| Task brief |
Leave out the pictures and retype, exactly, the lines below from the line with "I See You Have" up to and including the line with "Marvel Big &", nothing more.

| Dataset entries |
|---|
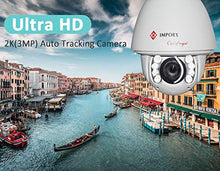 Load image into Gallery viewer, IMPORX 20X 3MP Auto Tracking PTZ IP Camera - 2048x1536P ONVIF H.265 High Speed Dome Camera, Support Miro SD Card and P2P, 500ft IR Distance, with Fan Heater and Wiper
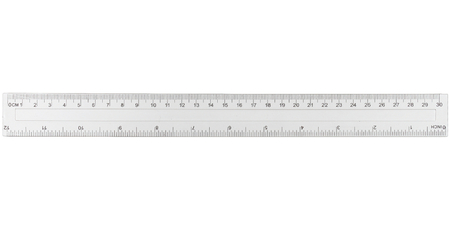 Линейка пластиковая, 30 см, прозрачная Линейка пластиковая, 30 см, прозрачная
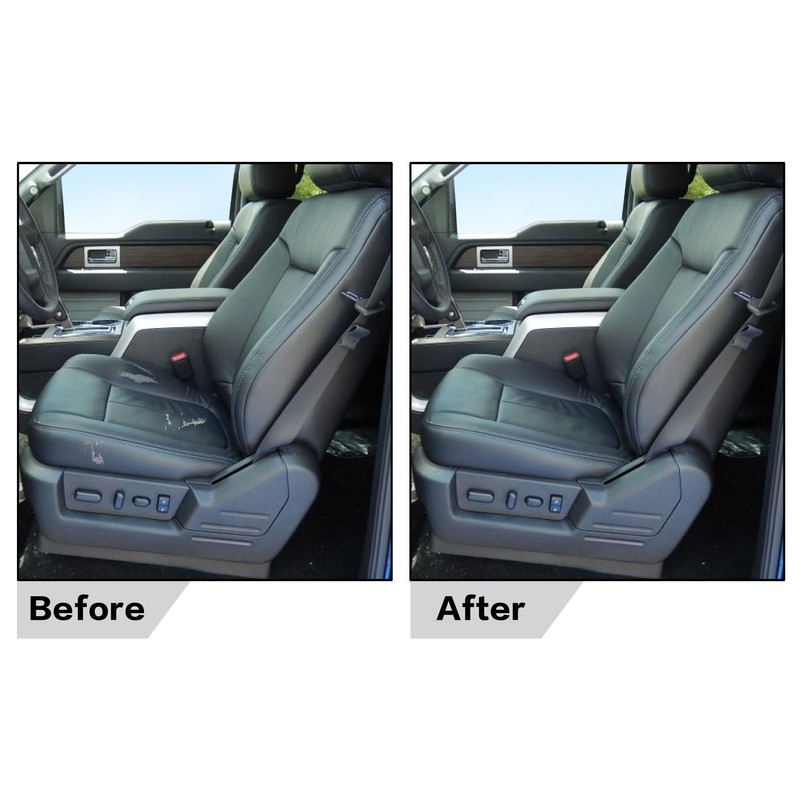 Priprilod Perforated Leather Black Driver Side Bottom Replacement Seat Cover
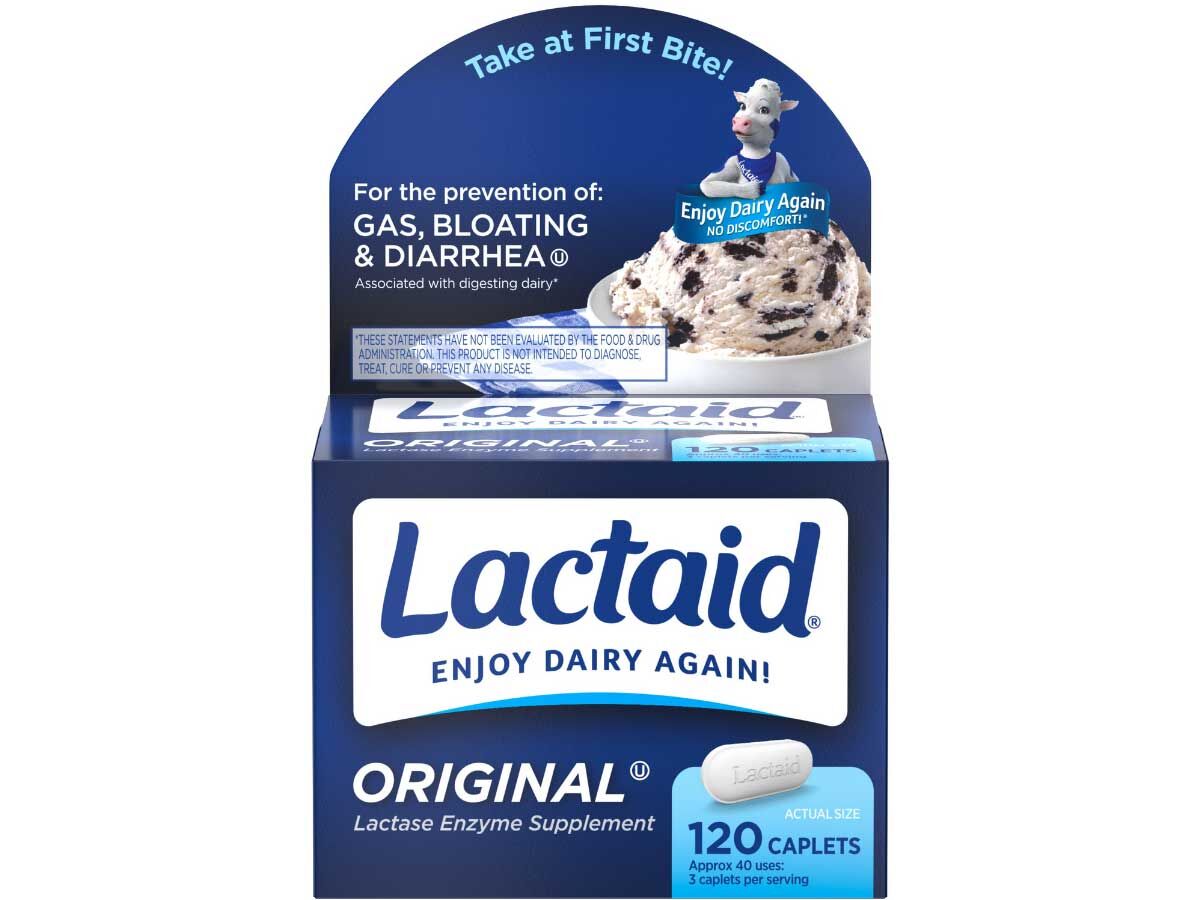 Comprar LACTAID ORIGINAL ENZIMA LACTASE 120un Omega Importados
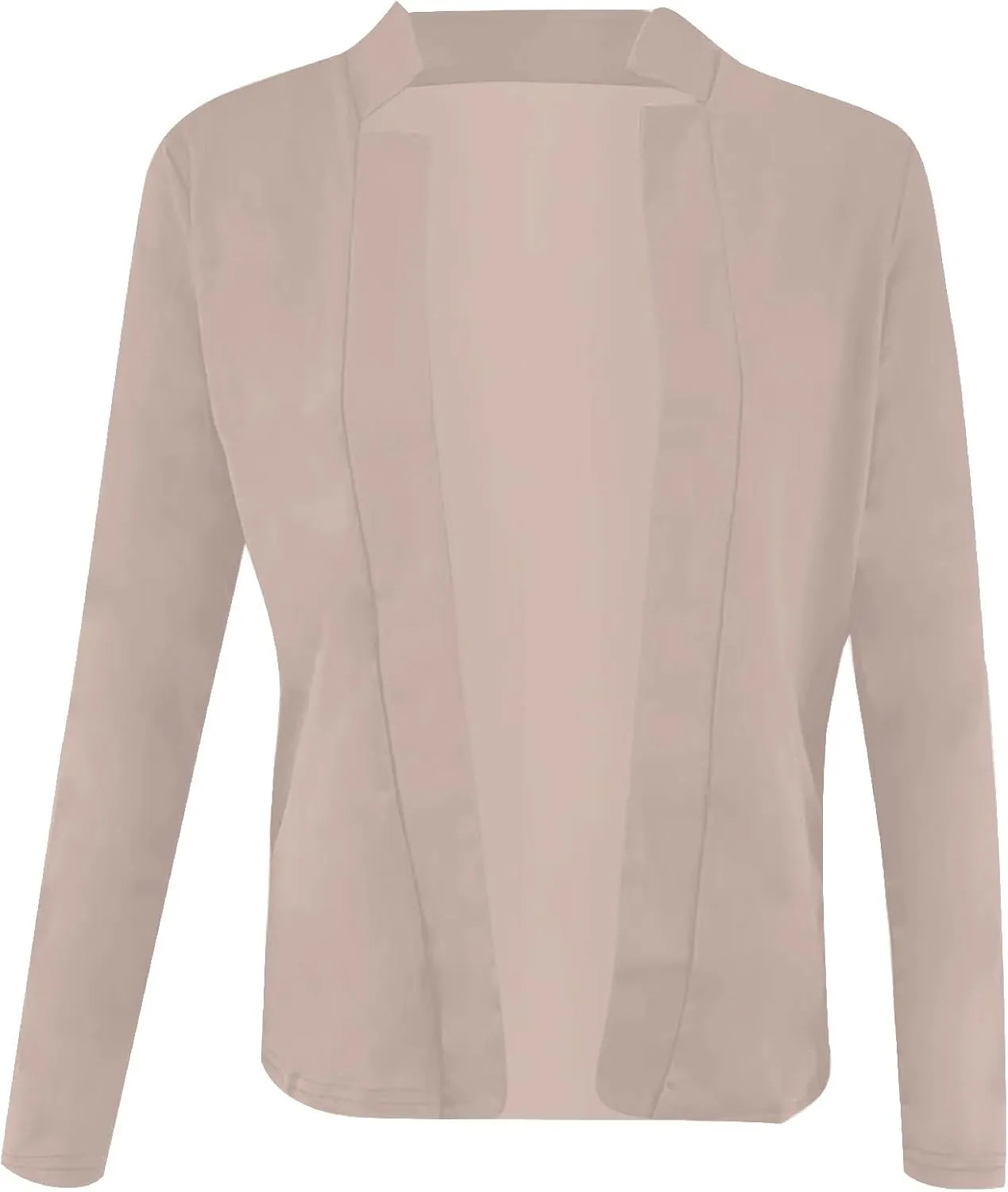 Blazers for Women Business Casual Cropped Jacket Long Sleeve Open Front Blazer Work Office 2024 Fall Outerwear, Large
|---|
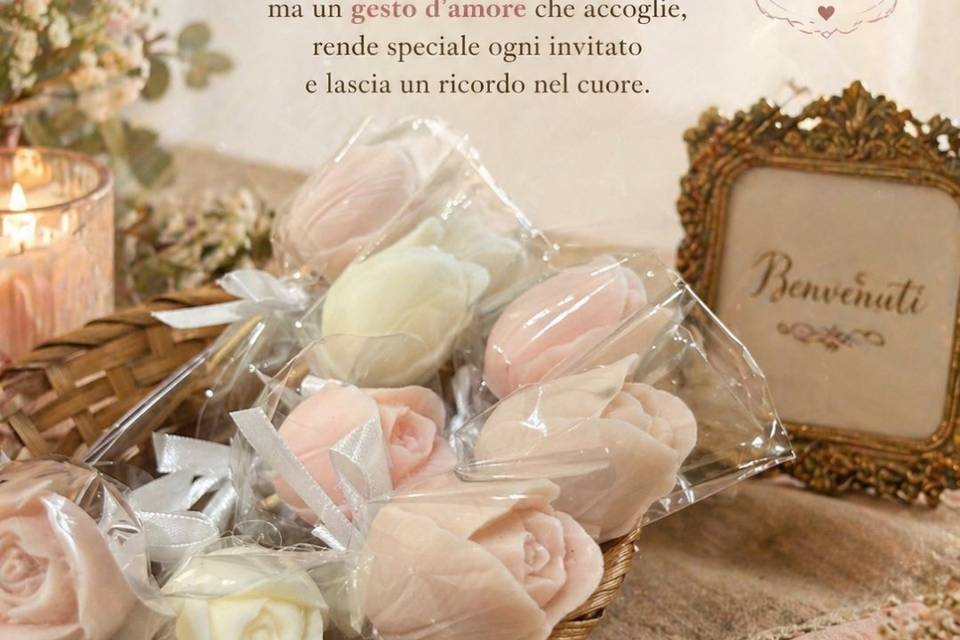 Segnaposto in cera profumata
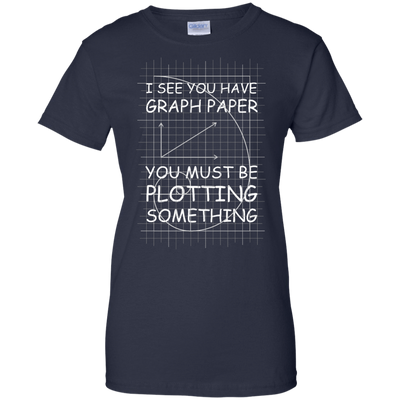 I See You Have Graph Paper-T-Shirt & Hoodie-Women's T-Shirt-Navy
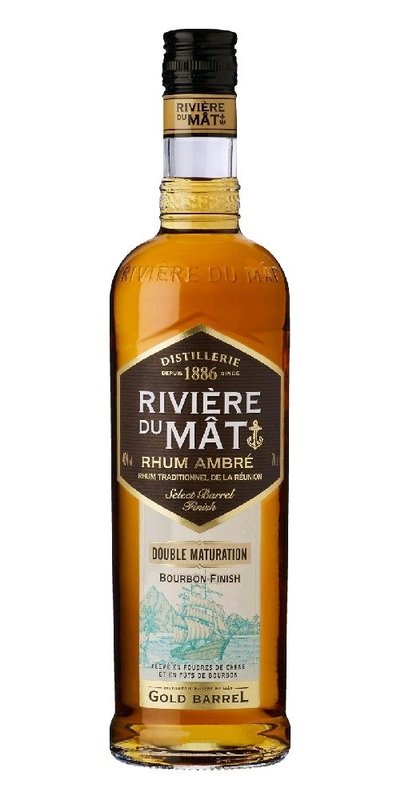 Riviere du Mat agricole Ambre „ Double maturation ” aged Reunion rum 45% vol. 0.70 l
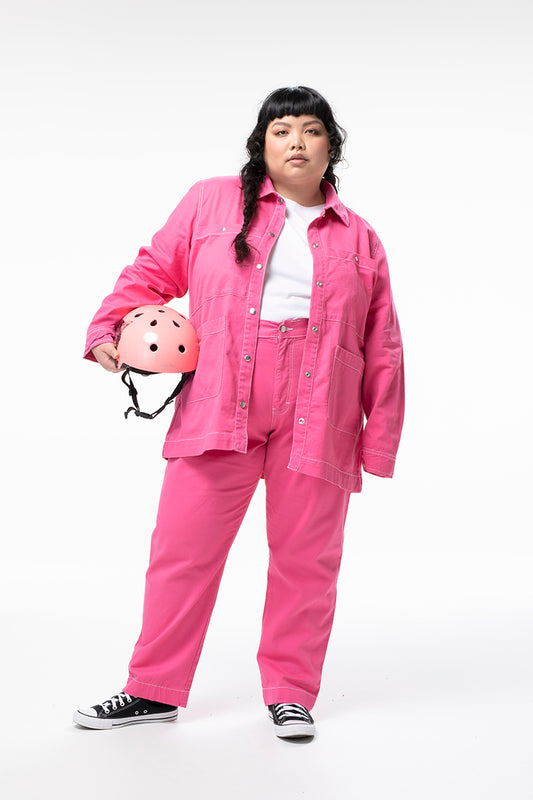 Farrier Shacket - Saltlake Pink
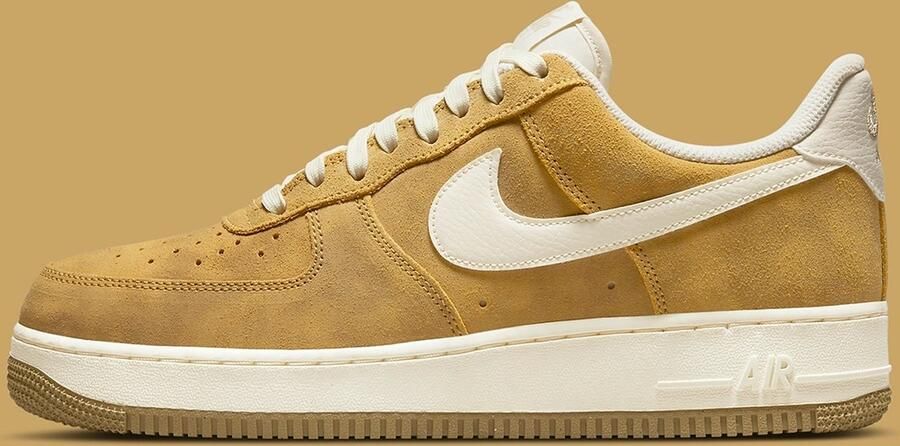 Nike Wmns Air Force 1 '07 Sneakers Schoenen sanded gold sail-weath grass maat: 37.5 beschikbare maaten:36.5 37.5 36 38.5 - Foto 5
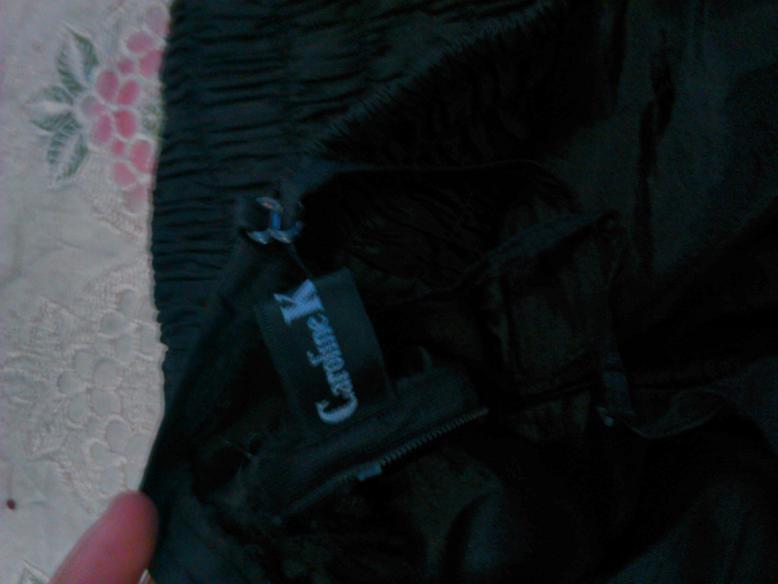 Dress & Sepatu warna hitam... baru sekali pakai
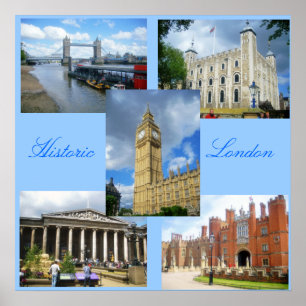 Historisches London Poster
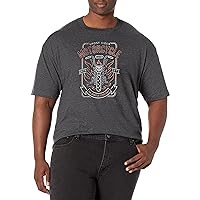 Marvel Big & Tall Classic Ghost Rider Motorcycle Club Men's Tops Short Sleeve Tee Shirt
|---|
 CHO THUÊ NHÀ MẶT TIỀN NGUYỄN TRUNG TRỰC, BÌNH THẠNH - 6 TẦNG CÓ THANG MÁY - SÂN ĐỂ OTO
|---|
| Solution for this problem |
 I See You Have Graph Paper-T-Shirt & Hoodie-Women's T-Shirt-Navy
 Riviere du Mat agricole Ambre „ Double maturation ” aged Reunion rum 45% vol. 0.70 l
 Farrier Shacket - Saltlake Pink
 Nike Wmns Air Force 1 '07 Sneakers Schoenen sanded gold sail-weath grass maat: 37.5 beschikbare maaten:36.5 37.5 36 38.5 - Foto 5
 Dress & Sepatu warna hitam... baru sekali pakai
 Historisches London Poster
 Marvel Big & Tall Classic Ghost Rider Motorcycle Club Men's Tops Short Sleeve Tee Shirt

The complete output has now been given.